* Your goal *
Set down the lines below, exactly, starting at the one that contains "Wicked begins with" and stopping at the last line, inclusive. Omit pictures.

* Source material *
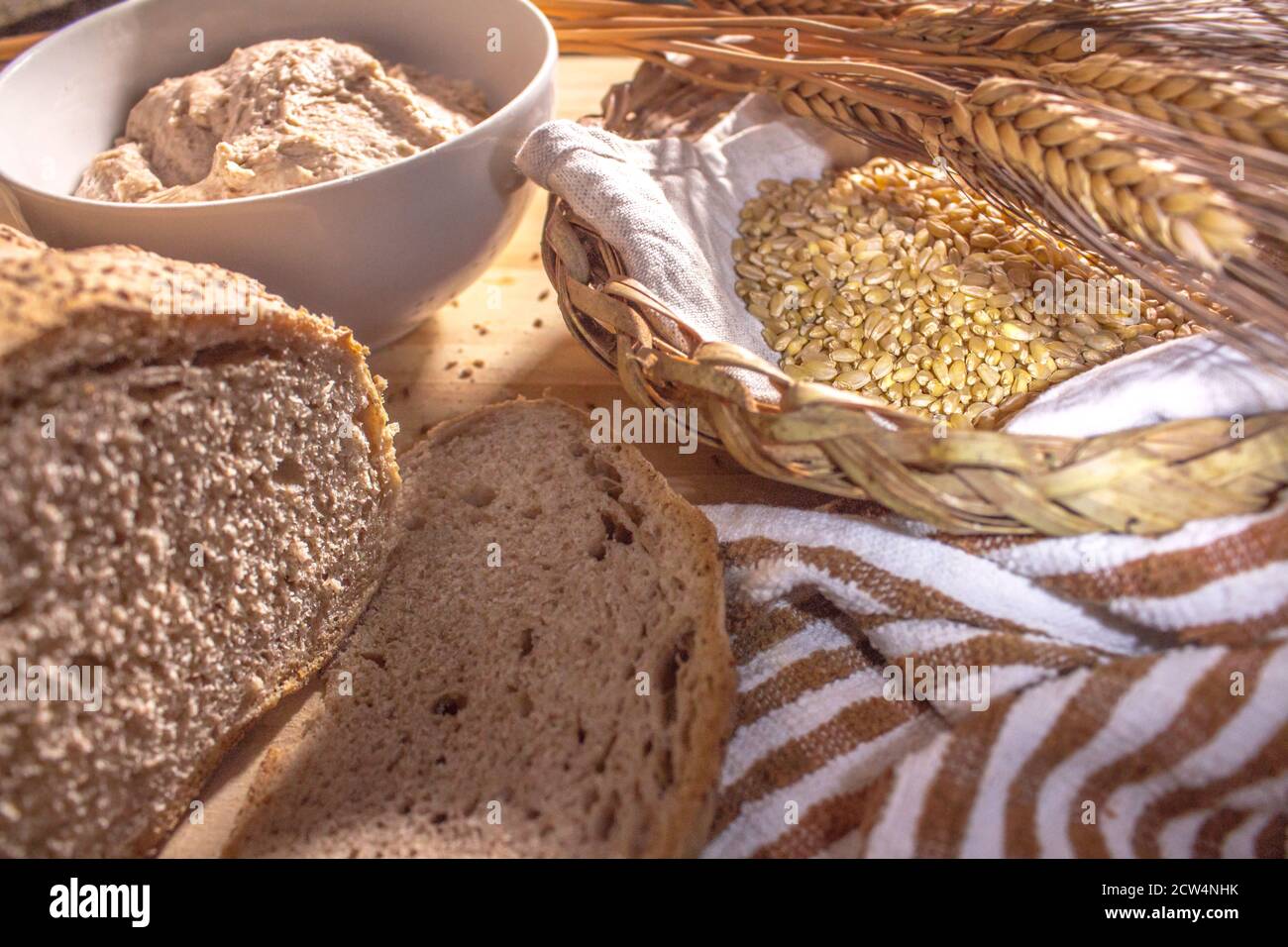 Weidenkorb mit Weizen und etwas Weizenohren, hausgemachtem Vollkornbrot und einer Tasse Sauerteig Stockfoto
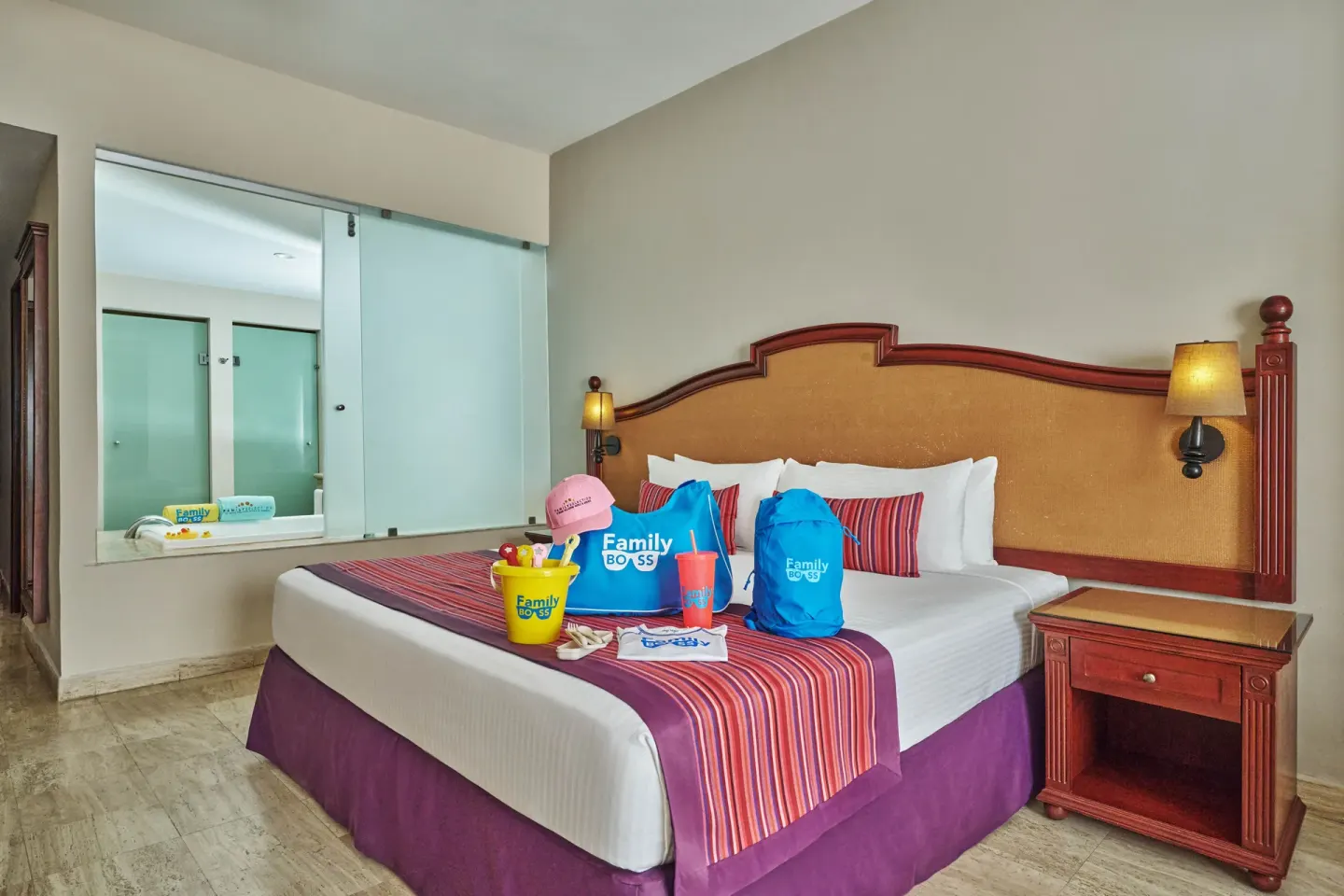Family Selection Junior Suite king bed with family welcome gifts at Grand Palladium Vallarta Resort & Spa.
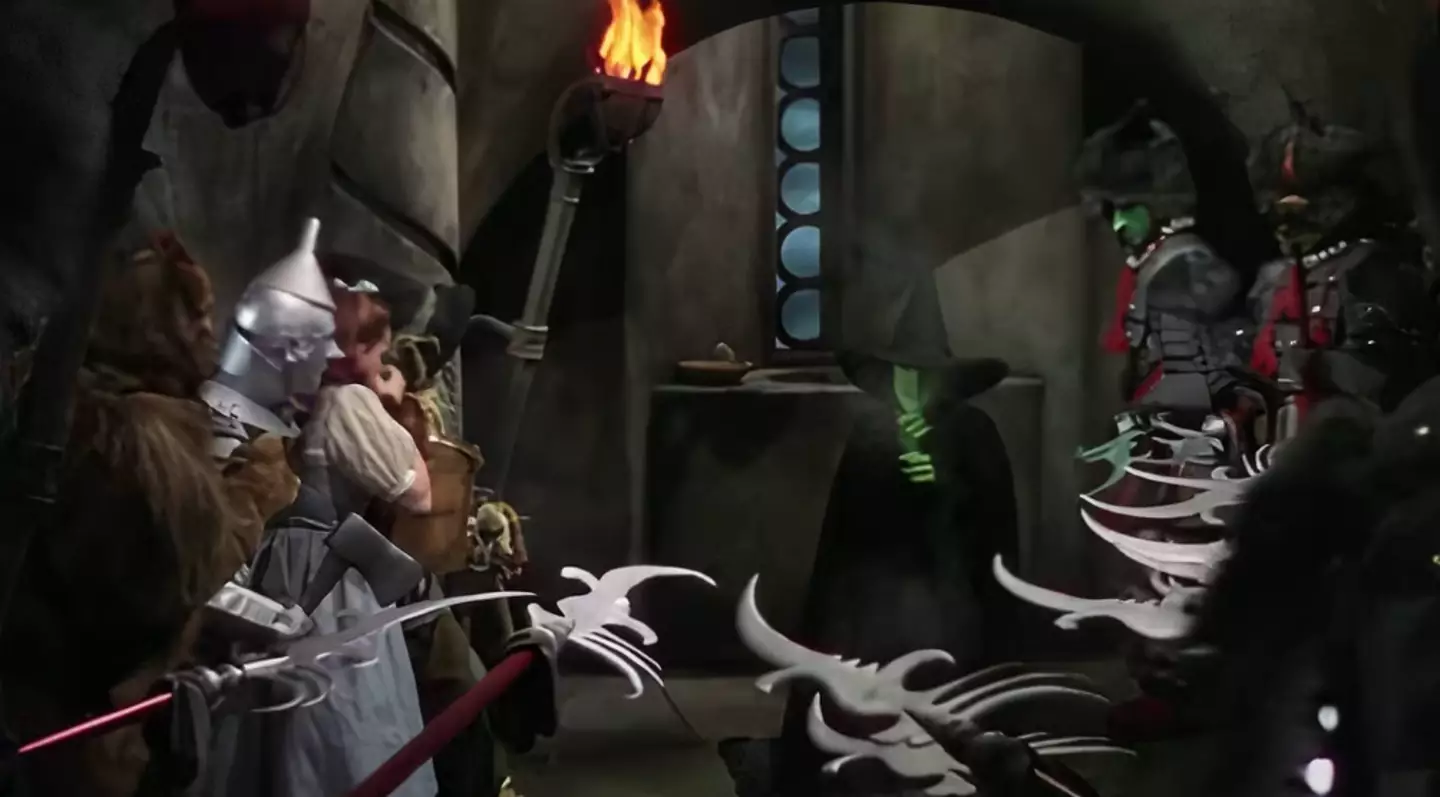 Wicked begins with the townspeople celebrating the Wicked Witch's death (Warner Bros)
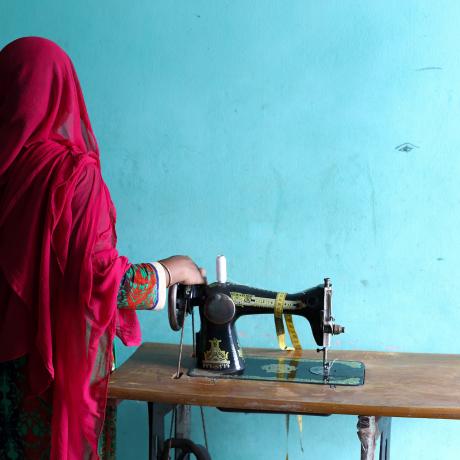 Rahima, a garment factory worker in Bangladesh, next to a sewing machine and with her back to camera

* Finished exercise *
 Wicked begins with the townspeople celebrating the Wicked Witch's death (Warner Bros)
 Rahima, a garment factory worker in Bangladesh, next to a sewing machine and with her back to camera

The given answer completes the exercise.